The browser (and not the JavaScript code in the browser) has the final say on the randomly generated mask used to send the message which is why it's impossible for the attackers to know what the final stream of bytes the proxy might see will be.

Note that the mask is redundant if your WebSocket stream is encrypted (as it should be). Article from the author of Python's Flask:

Why is there masking at all? Because apparently there is enough broken infrastructure out there that lets the upgrade header go through and then handles the rest of the connection as a second HTTP request which it then stuffs into the cache. I have no words for this. In any case, the defense against that is basically a strong 32bit random number as masking key. Or you know… use TLS and don't use shitty proxies.

I have struggled to understand the purpose of the WebSocket mask until I encountered the following two resources which summarize it clearly.

From the book High Performance Browser Networking:

The payload of all client-initiated frames is masked using the value specified in the frame header: this prevents malicious scripts executing on the client from performing a cache poisoning attack against intermediaries that may not understand the WebSocket protocol.

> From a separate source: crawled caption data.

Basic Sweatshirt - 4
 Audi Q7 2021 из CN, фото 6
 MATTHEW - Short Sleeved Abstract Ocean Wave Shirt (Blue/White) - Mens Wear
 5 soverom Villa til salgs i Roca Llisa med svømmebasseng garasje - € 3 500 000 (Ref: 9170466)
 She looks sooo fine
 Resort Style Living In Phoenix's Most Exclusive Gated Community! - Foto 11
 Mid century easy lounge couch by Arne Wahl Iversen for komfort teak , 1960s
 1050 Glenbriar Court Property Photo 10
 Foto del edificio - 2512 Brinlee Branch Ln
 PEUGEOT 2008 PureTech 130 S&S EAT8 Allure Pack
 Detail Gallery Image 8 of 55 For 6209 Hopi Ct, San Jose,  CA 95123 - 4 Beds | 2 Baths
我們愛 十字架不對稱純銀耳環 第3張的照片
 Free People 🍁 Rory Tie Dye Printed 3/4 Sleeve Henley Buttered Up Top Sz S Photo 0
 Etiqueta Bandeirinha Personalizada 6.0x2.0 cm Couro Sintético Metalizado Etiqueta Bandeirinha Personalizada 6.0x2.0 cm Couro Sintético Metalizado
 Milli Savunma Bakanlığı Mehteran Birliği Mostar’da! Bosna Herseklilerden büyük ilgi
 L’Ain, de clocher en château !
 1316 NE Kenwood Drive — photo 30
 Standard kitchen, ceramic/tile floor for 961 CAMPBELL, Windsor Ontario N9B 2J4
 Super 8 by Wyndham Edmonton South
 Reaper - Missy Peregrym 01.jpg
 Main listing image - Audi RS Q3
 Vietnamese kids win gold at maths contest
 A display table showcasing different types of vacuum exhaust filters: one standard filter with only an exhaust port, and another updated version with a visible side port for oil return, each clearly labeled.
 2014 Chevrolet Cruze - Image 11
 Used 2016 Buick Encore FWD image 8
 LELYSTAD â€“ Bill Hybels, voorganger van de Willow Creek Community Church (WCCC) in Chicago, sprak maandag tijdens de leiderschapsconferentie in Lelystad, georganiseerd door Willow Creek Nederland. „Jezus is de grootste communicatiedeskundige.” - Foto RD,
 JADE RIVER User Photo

Since the WebSocket protocol is not always understood by intermediaries (e.g. transparent proxies), a malicious script can take advantage of it and create traffic that causes cache poisoning in these intermediaries.

But how?

The article Talking to Yourself for Fun and Profit (http://www.adambarth.com/papers/2011/huang-chen-barth-rescorla-jackson.pdf) further explains how a cache poisoning attack works:

  1. The attacker’s Java applet opens a raw socket connection to attacker.com:80 (as before, the attacker can also a SWF to mount a similar attack by hosting an appropriate policy file to authorize this request).
  2. The attacker’s Java applet sends a sequence of bytes over the socket crafted with a forged Host header as follows: GET /script.js HTTP/1.1 Host: target.com
  3. The transparent proxy treats the sequence of bytes as an HTTP request and routes the request based on the original destination IP, that is to the attacker’s server.
  4. The attacker’s server replies with malicious script file with an HTTP Expires header far in the future (to instruct the proxy to cache the response for as long as possible).
  5. Because the proxy caches based on the Host header, the proxy stores the malicious script file in its cache as http://target.com/script.js, not as http://attacker.com/script.js.
  6. In the future, whenever any client requests http://target.com/script.js via the proxy, the proxy will serve the cached copy of the malicious script.

enter image description here

The article also further explains how WebSockets come into the picture in a cache-poisoning attack:

Consider an intermediary examining packets exchanged between the browser and the attacker’s server. As above, the client requests WebSockets and the server agrees. At this point, the client can send any traffic it wants on the channel. Unfortunately, the intermediary does not know about WebSockets, so the initial WebSockets handshake just looks like a standard HTTP request/response pair, with the request being terminated, as usual, by an empty line. Thus, the client program can inject new data which looks like an HTTP request and the proxy may treat it as such. So, for instance, he might inject the following sequence of bytes: GET /sensitive-document HTTP/1.1 Host: target.com

When the intermediary examines these bytes, it might conclude that these bytes represent a second HTTP request over the same socket. If the intermediary is a transparent proxy, the intermediary might route the request or cache the response according to the forged Host header.

In the above example, the malicious script took advantage of the WebSocket not being understood by the intermediary and "poisoned" its cache. Next time someone asks for sensitive-document from target.com they will receive the attacker's version of it. Imagine the scale of the attack if that document is for google-analytics.

To conclude, by forcing a mask on the payload, this poisoning won't be possible. The intermediary's cache entry will be different every time.